In popular psychology circles, writers such as Brad Blanton and Susan Campbell have promoted “radical honesty.” The latter convenes “honesty salons” that may have parallels to the Bohm-inspired groups.

The central relevance of somatic, proprioceptive awareness to cultural history was brilliantly interpreted by the historian Morris Berman in Coming to Our Senses: Body and Spirit in the Hidden History of the West, the second volume of his trilogy on the history of consciousness. The “confiscation” of embodied awareness of genuine feelings in early childhood through particular cultural practices is seen as a source of much collective, as well as individual, misery. Berman’s work may provide a wider context of historical and cultural understanding for practitioners of proprioceptive dialogue.

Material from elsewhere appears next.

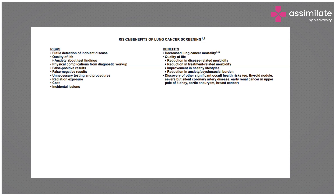Radiation exposure is a risk — even though low-dose CT uses roughly one-tenth of normal diagnostic CT radiation, it is still a significant exposure. Cost is also a concern; a chest CT in India costs approximately 2,000 to 5,000 rupees at a normal center. Additionally, incidental lesions may be found not only in the lungs but in other areas, which also carries risks.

The 20th century saw the development of many initiatives in the field of somatics to help restore embodied awareness to the alienated, abstracted consciousness of all-too-many of us. These included the school of Ilse Gindler in Germany, which led to Charlotte Selver’s sensory awareness work brought to the US, and Gerda Alexander’s school of eutony, developed in Denmark, to name only a few of a plethora of approaches.

In the long-standing Buddhist practice of mindfulness, awareness of the body, sensations, feelings, and  mind, both of oneself and of others, is cultivated through meditation practice, as in vipassana. Of note here, is that the mindfulness as practiced in Buddhist tradition involves not only “going proprioceptively back into myself,” but also intrinsically involves what psychologists now refer to as a theory of mind, that is, awareness of the complex subjectivity of others, along with empathy and compassion.

Rosen’s posting on PD leaves me wondering about several matters. For one, how do 20 to 40 people who persevere as a group in ongoing meetings, with the primary concern of each to explore their own “hidden agendas,” attend and respond to one another?  Such a group sounds surprisingly large for the purpose of dialogue in which each expresses his or her voice. In a hunter-gatherer band of that size, the purpose of community and sharing has to do with the very mundane activities that foster the survival and thriving of the individuals and the group, not just the function, although an important one, of communicating verbally. I also wonder how such phenomena as coalitions, dominance and submission, and unconsciously shared hidden agendas that remain hidden might play out in PD groups. Can individuals engaged primarily in group dialogues with one another cultivate refined levels of introspective, proprioceptive skills  without the benefit of also engaging in primarily nonverbal, somatic practices, whether vipassana, yoga, sensory awareness, or qigong, for example? Could the use of poetic imagery, as  explored by the philosopher Gaston Bachelard, with its evocation of sensory experience, bodily sensations, and the primal elements of nature, facilitate proprioceptive awareness and  on the part of dialogue group participants? How does participating in such a group affect participants’ relations outside the group?  Empirical research could certainly explore many questions here.